Nick: Despite the stress of the circumstances, I have to say, I was moved by the outpouring of public emotions that happened on Thursday night, after Musk’s ultimatum deadline passed and Twitter’s workers made it clear they’d rather run the risk of the platform dying than aiding him. I know some people mocked these reactions as an attempt to be what one account dramatically proclaimed “a Twitter is Dying Influencer” (whatever the fuck that means) but I mostly saw people talking about the communities they found on Twitter, the mutual aid that came their way, the lifesaving information that got to them (especially in the early days of the pandemic), the relationships that formed, and so on. The parasitic nature of billionaires that you’ve highlighted, their sociopathic tendency to not care about others and to in some ways benefit from that lack of empathy, felt like it was put under the microscope in a major way that evening and I can’t stop thinking about that, and whether it might be a bread riots moment.

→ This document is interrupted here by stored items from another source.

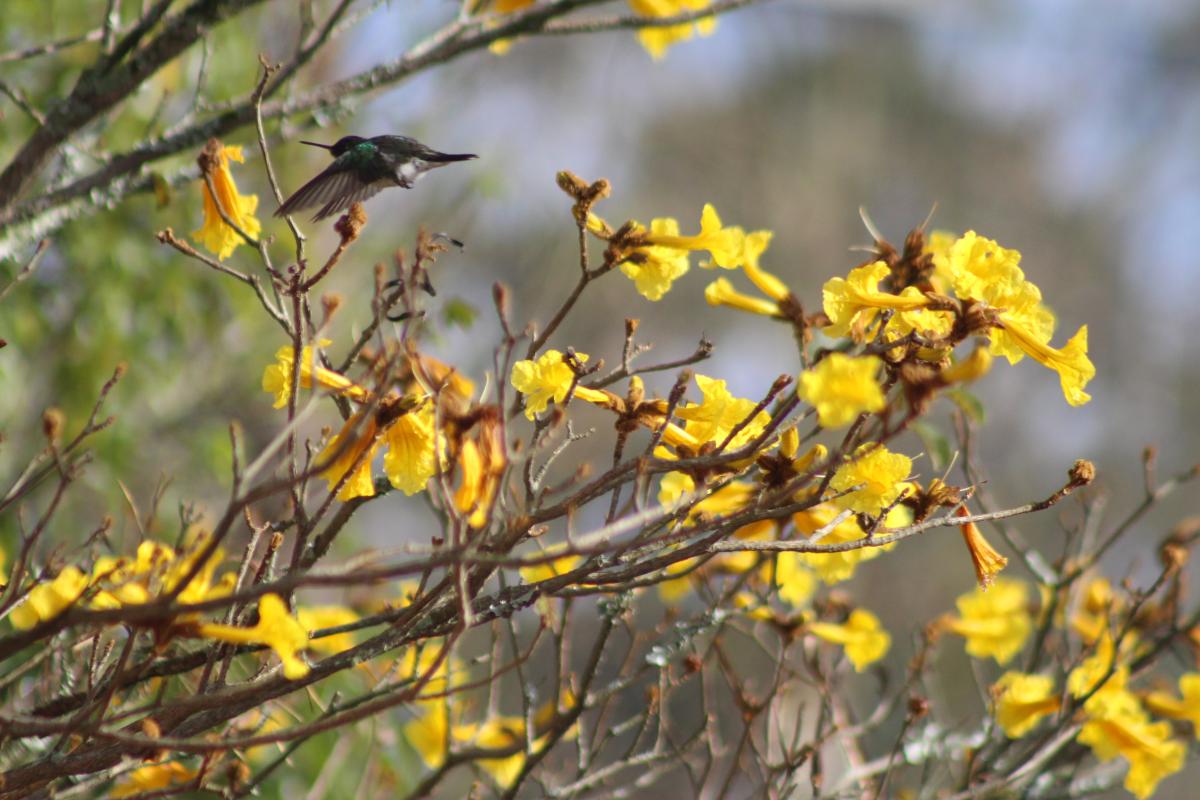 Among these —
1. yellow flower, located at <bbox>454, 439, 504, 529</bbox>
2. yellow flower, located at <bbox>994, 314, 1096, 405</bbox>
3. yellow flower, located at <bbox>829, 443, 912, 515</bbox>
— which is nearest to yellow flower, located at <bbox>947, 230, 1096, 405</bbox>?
yellow flower, located at <bbox>994, 314, 1096, 405</bbox>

It might sound stupid to say that this collapse of a platform most people just used for jokes and main character threads could possibly mean anything in the bigger picture of social progress but any optimism I have here comes from the certainty that you can’t really put the genie back in the bottle, whether it’s nuclear weapons or being able to directly yell at billionaires on a public platform. I still don’t think Twitter will be replaced, exactly, but I don’t think all of these people who found real meaning in this platform and who had it impact their lives in major ways are going to just accept not having this kind of outlet anymore. Maybe that means some other type of social media emerges that serves as the next step in evolution. Or maybe they get even more direct with the class of person that broke this ecosystem. Frankly, I’m hoping it’s the latter.